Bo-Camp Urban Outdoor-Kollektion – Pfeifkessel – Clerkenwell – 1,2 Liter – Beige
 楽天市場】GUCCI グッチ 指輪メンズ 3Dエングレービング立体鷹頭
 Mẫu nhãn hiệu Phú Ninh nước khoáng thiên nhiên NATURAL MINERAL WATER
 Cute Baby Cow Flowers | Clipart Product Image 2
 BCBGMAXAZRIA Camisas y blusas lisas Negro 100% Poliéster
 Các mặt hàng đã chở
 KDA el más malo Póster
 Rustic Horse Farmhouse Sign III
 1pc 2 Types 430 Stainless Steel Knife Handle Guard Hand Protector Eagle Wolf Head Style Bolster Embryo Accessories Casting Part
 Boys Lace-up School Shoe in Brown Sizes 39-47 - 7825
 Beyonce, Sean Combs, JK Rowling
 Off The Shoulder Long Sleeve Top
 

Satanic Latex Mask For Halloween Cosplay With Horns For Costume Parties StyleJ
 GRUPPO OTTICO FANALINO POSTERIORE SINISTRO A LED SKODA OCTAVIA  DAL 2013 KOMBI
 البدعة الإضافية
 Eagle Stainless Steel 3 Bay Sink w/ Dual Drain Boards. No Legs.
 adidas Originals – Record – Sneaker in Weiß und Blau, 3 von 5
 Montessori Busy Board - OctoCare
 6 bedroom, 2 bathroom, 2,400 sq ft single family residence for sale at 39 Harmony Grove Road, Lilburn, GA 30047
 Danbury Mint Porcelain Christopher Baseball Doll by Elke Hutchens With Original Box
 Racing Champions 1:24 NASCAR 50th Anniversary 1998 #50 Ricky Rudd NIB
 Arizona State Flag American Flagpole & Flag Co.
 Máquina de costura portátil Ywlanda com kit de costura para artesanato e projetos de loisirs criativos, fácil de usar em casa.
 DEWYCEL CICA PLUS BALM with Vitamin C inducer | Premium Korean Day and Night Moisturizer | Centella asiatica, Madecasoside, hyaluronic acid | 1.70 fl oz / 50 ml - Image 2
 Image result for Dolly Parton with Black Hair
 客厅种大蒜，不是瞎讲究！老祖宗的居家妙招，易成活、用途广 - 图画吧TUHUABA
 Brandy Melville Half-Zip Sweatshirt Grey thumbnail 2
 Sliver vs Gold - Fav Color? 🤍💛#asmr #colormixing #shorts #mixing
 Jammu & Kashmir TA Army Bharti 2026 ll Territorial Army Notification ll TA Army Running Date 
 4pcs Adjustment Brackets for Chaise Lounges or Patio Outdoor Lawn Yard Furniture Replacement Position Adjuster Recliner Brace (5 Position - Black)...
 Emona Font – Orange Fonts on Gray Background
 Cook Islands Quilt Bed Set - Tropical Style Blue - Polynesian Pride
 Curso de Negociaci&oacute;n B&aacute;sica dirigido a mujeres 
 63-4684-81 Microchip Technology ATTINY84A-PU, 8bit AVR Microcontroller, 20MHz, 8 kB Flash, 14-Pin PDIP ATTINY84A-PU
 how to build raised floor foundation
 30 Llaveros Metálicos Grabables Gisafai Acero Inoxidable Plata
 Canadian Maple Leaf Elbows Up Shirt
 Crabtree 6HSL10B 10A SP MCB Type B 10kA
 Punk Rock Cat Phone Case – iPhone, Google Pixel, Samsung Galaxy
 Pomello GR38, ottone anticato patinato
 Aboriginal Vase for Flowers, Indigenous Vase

▸ **Work required**: Ascertain the number of lines in the entries that include the word "Eagle", and report only that number.

▸ **Task output**: 2